La nuova fase artistica del genietto Moby

Un vecchio adagio vuole che i primi segnali di bollitura di un artista corrispondano alla realizzazione di un album con l’orchestra con cui rileggere i vecchi pezzi. Seguiranno quello di duetti, quello con i rifacimenti senza orchestra, naturalmente il disco natalizio e quello di cover. Stando a questo postulato, quindi, Moby dovrebbe essere nel pieno della «fase 1»: Reprise, infatti, che esce per la prestigiosa Deutsche Grammophon, altro non è se non una «ripresa», appunto, di hit come l’immancabile Go, Extreme ways, Natural blues e Why does my heart feel so bad?, tutte eseguite dalla Budapest Art Orchestra. Ma, attenzione, è anche un disco di duetti (fase 2), perché tra i brani spuntano artisti eterogenei quanto possono esserlo il jazz soulman Gregory Porter, Jim James dei My Morning Jacket, il grande vecchio del country Kris Kristofferson, il trucido Mark Lanegan, senza rinunciare a Mindy Jones, cantante con cui l’artista collabora da tempo, nella rilettura di Heroes di David Bowie (quindi c’è anche una cover). Ma non è finita: l’album ci fa incontrare anche nomi meno noti, tutti da annotare: l’australiana Alice Skye, Amythyst Kiah, Apollo Jane, Darlingside, Luna Li, Nataly Dawn, Skylar Grey e il pianista islandese Vikingur Ólafsson.

Sicché il povero Moby è ormai bollito?
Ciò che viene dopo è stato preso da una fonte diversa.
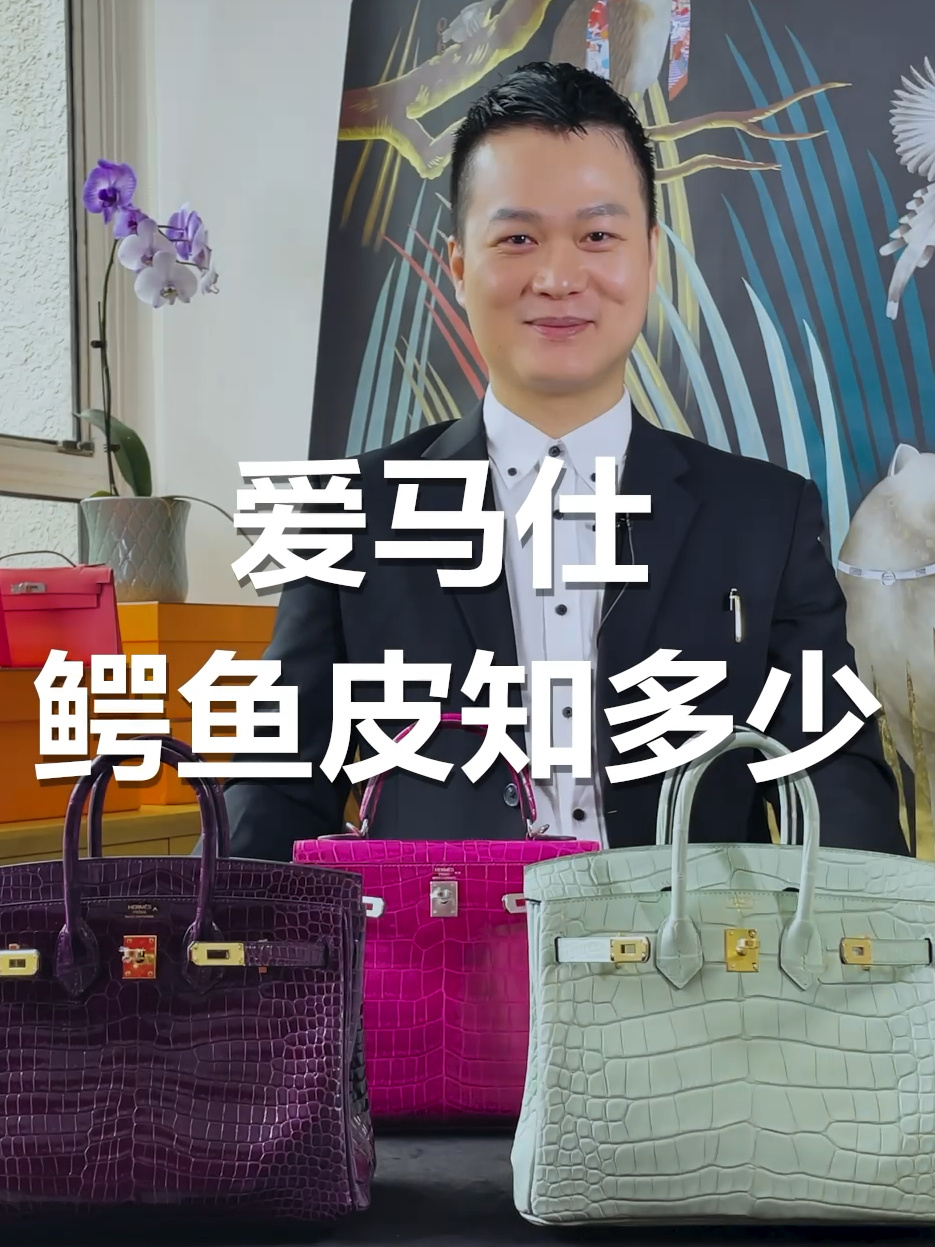 Jerry老师一秒教你辨识爱马仕鳄鱼皮!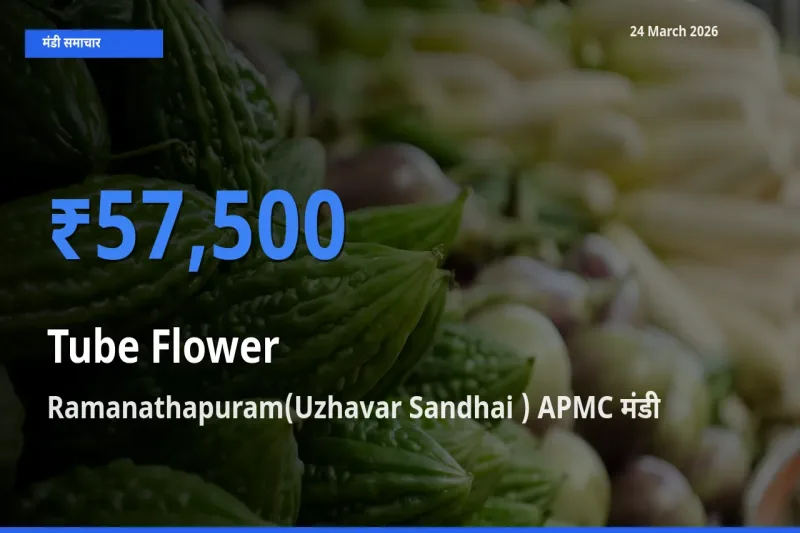 24 March अपडेट: रजनीगंधा के सबसे ऊँचे दाम Ramanathapuram(Uzhavar Sandhai ) APMC मंडी में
Stremato dall’elettronica, butta via tutto e si affida agli archi – oltre all’orchestra c’è anche un quartetto – preferendo gli strumenti acustici? No, assolutamente. È un genietto, il discendente di Melville, e c’era da aspettarsi che approfittasse dell’occasione per trasformare il suo repertorio in un nuovo film per le orecchie (a proposito, c’è anche il nuovo film, quello vero: l’autobiografia surrealista – e surreale - Moby doc approdata sulle piattaforme digitali a fine maggio). Un progetto che inseguiva da qualche anno, da quel 2018 che vide Moby esibirsi alla Walt Disney Concert Hall con il direttore Gustavo Dudamel e la Los Angeles Philharmonic. Però i risultati non sempre sono all’altezza dell’idea: basta prendere la versione di Heroes, profonda e drammatica senza, però, un briciolo della potenza espressa dall’originale. Canzoni che hanno fatto ballare, rallentano e diventano elucubrazioni che confermano quello che ha dichiarato l’artista presentando il progetto, definito «Un’opportunità per riflettere sul modo in cui l’arte può evolversi e adattarsi nel tempo a seconda delle diverse scelte e dei contesti», ma in questo caso l’ammissione che, arrivati a una certa età, tutto sembra troppo veloce e occorre rallentare. In certi casi non è possibile: Go resta un brano veloce, con percussioni tribali e lo stesso groove anche se ai sintetizzatori si è sostituito un piano elettrico. Un disco per fan che, per una volta, preferiscono ascoltarlo restando seduti.